L'ambito nel quale la Pastorale in università si muove è proprio la certezza che Gesù di Nazareth, il Figlio di Dio fattosi uomo, svela l'uomo a se stesso (Gaudium et spes 22).


Giovani - studenti

La Pastorale Giovanile in università si colloca nell’orizzonte culturale che a suo tempo san Giovanni Paolo II così definiva: “È l’esperienza dell’uomo che cerca le ragioni profonde del suo essere”. Così Papa Wojtyla, nel celebre discorso fatto ad inizio del suo ministero petrino, definiva tale l’azione culturale, sbarazzando dunque il campo da quelle riduzioni razionalistiche che tendevano a ridurre il sapere in un fenomeno libresco o di “accademia”.

A sua volta, Papa Benedetto XVI definiva il cristianesimo come avvenimento che si comunica da “esperienza ad esperienza”. Tali riflessioni, che divengono fonte di pensiero e ragionamento, ci congiungono immediatamente alla riflessione di san Tommaso, il quale, disegnando il metodo della conoscenza della verità, affermava: “la vita conduce alla scienza della verità”.

L’ambito nel quale la Pastorale in università si muove è proprio la certezza che Gesù di Nazareth, il Figlio di Dio fattosi uomo, “svela l’uomo a se stesso” (Gaudium et spes 22).
Nel mondo dei diversi saperi, appunto l’ambiente universitario, per noi cristiani la cultura è quella visione della realtà che la sequela di Cristo rende possibile, perché consente di fare esperienza di tutto ciò che capita: dallo scoraggiamento per un esame andato storto, al docente che si interroga sul dono della propria fede; dalla bellezza di una lezione fatta con passione al pasto condiviso in mensa con gli universitari lontani dalla fede, quando il dialogo si fa profondo e lo stupore ne mostra l’autenticità.

In 1 Ts 5,21 Paolo dice: “Vagliate ogni cosa e trattenete il valore”. Veniamo tutti qui richiamati ad un compito irrinunciabile della nostra vocazione cristiana, nel particolare luogo universitario. La dimensione culturale è infatti uno dei tratti costitutivi dell’uomo nuovo, che appartenendo a nostro Signore, lo conosce e comunica l’amore nuovo che su tutto ne scaturisce.
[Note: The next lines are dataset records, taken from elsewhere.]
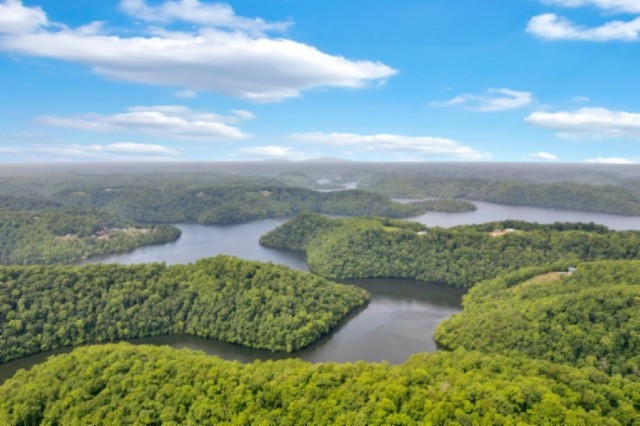 0 Lord Botetourt Court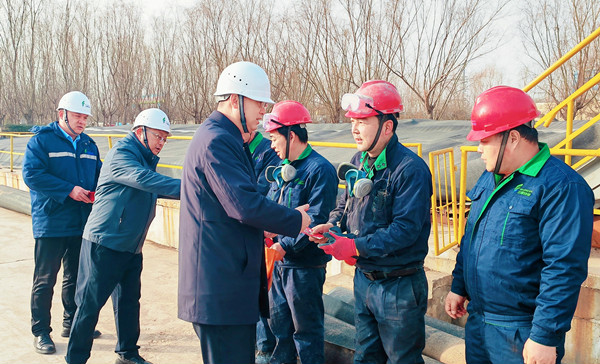 1707549608712946Kh5m.jpg 網站2微信圖片_20240210143640_副本_副本.jpg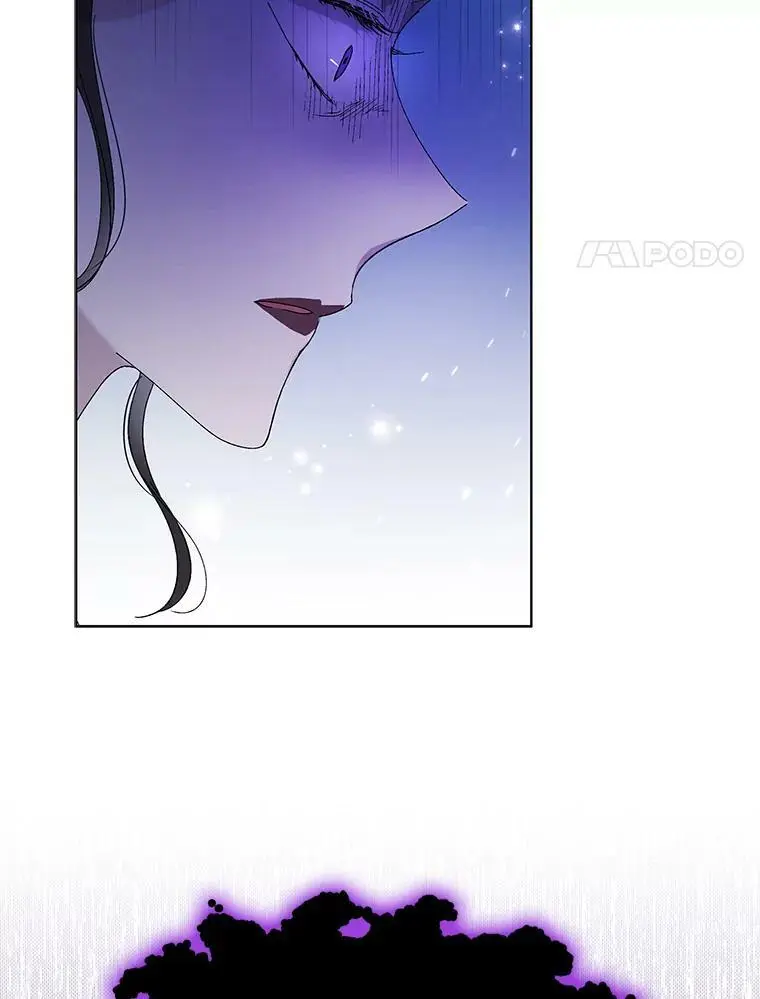 26.第二道神谕23
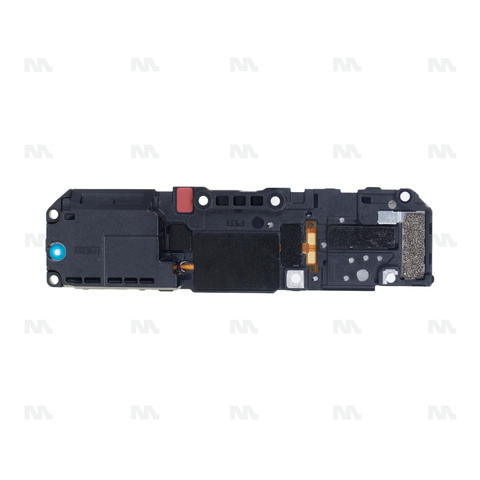 Haut-parleur pour Xiaomi 13 Pro – OEM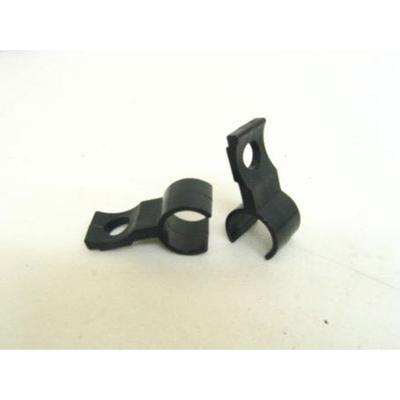 SKS bevestigingsclip-set minipomp airboy 10211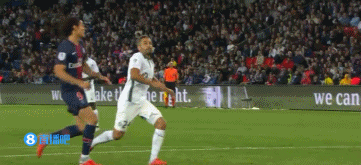 德转统计五大联赛最年长戴帽前10：莱万第8，C罗两度上榜（德转盘点五大联赛最年长帽子戏法TOP10：莱万位列第八，C罗两次入围）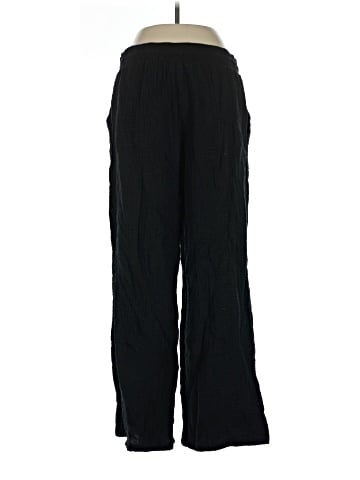Style&Co Casual Pants (view 2)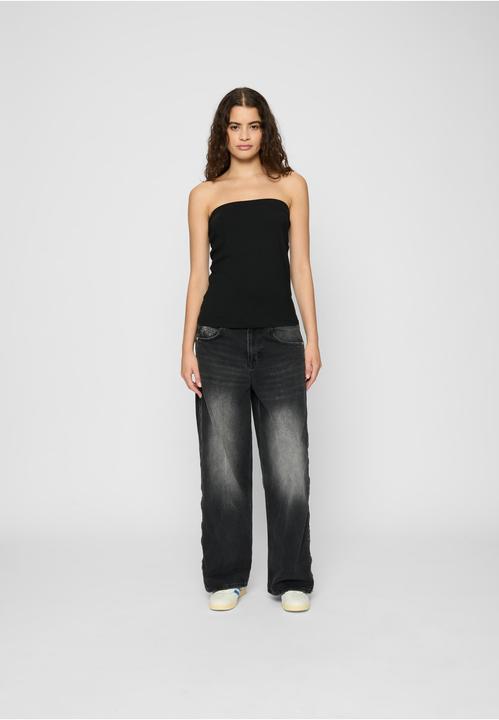 Image du produit Brandit Top/jupe bandeau 2en1 - 171953 (4XL)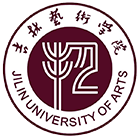 吉林藝術(shù)學(xué)院-?；? /></div>
                        <div   id=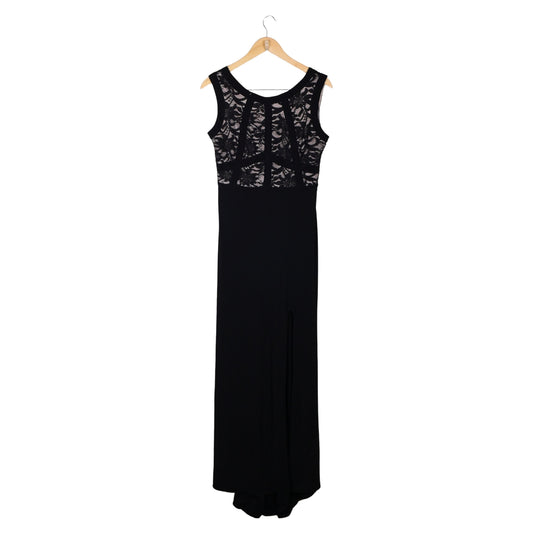 Women's Party Dress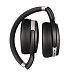 - рис.3 Беспроводные наушники Sennheiser HD 4.50BTNC - рис.3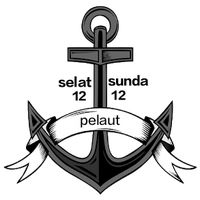 selatsunda1212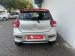 Toyota Vitz 1.0 XR X-Cite - Thumbnail 6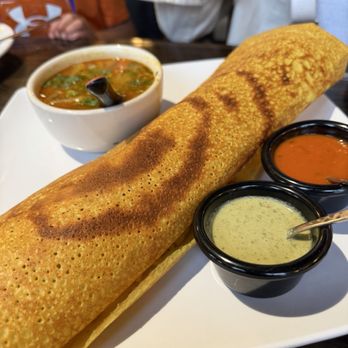 Clay Oven - Indian Near Me - Minneapolis, Minnesota Clay Oven - Indian Near Me - Minneapolis, Minnesota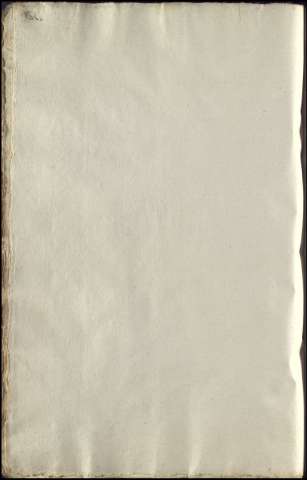 768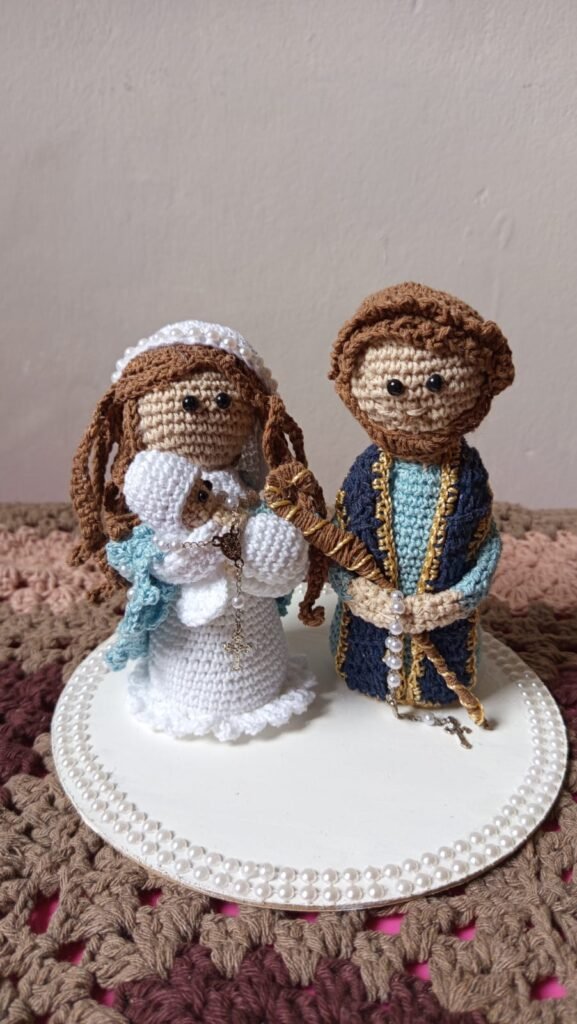 Foto Galeria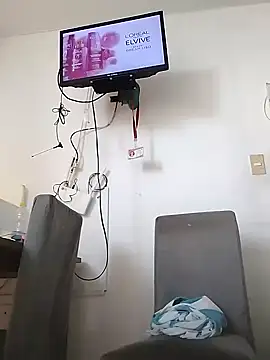 catatunboculion online show from September 29, 2025, 11:26 am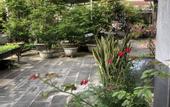 Туры в отель Phuong's house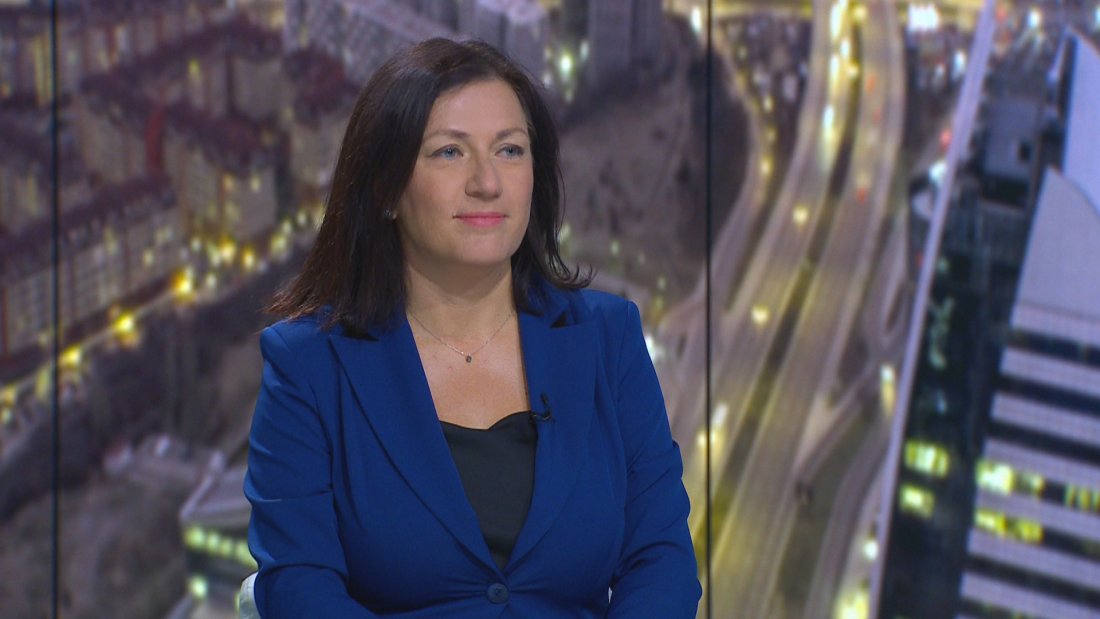 Тони Стойчева, ПП: Благомир Коцев е държан в ареста по нареждане на Пеевски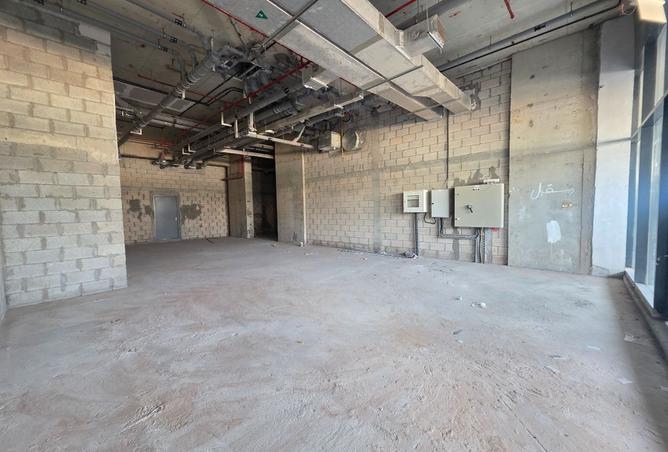 15976481 - صورة العقار 2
Questo saper riconoscere il Signore è “l’entusiasmo critico della fede” (Origene). Senza nulla togliere allo specifico di un lavoro necessario per lo sviluppo della dimensione culturale costitutiva dell’evento cristiano, questa competenza che nasce da questa chiarissima posizione è da riconoscere ad ogni battezzato che, consapevole della sua missione, abita l’università.

In università, come nella Pastorale ordinaria, è necessario l’impegno di tutti, poiché l’annuncio della vita vera accade in ogni momento, non solo nei momenti di culto proposti.

È sempre più necessario invitare ogni cristiano a proporre con coraggio la persona di Gesù, mostrando la valenza culturale della sua presenza e del suo messaggio, la capacità cioè di incidere sulla vita in tutti i suoi ambiti (cfr Progetto culturale orientato in senso cristiano. Una prima proposta di lavoro, gennaio 1997).

All’interno di questo quadro è possibile un impegno culturale che eviti due pericoli. Da una parte ridurre la fede ad un fare ansioso, o ad una sequenza di pratiche devote che non incidono sulla vita, magari ricche di stati d’animo ma povere di giudizio o di ragioni.
Dall’altra quello, forse più problematico, di un intellettualismo che finisce per allontanare dal lavoro culturale quotidiano: interrogarsi sulle ragioni per credere.

Le ragioni della fede sono, alla fine, quelle della vita che gli universitari spesso domandano; giova ricordarlo, la vita si snoda attorno a due dimensioni costitutive: il lavoro e gli affetti. Qui dentro il cristiano deve rimanere!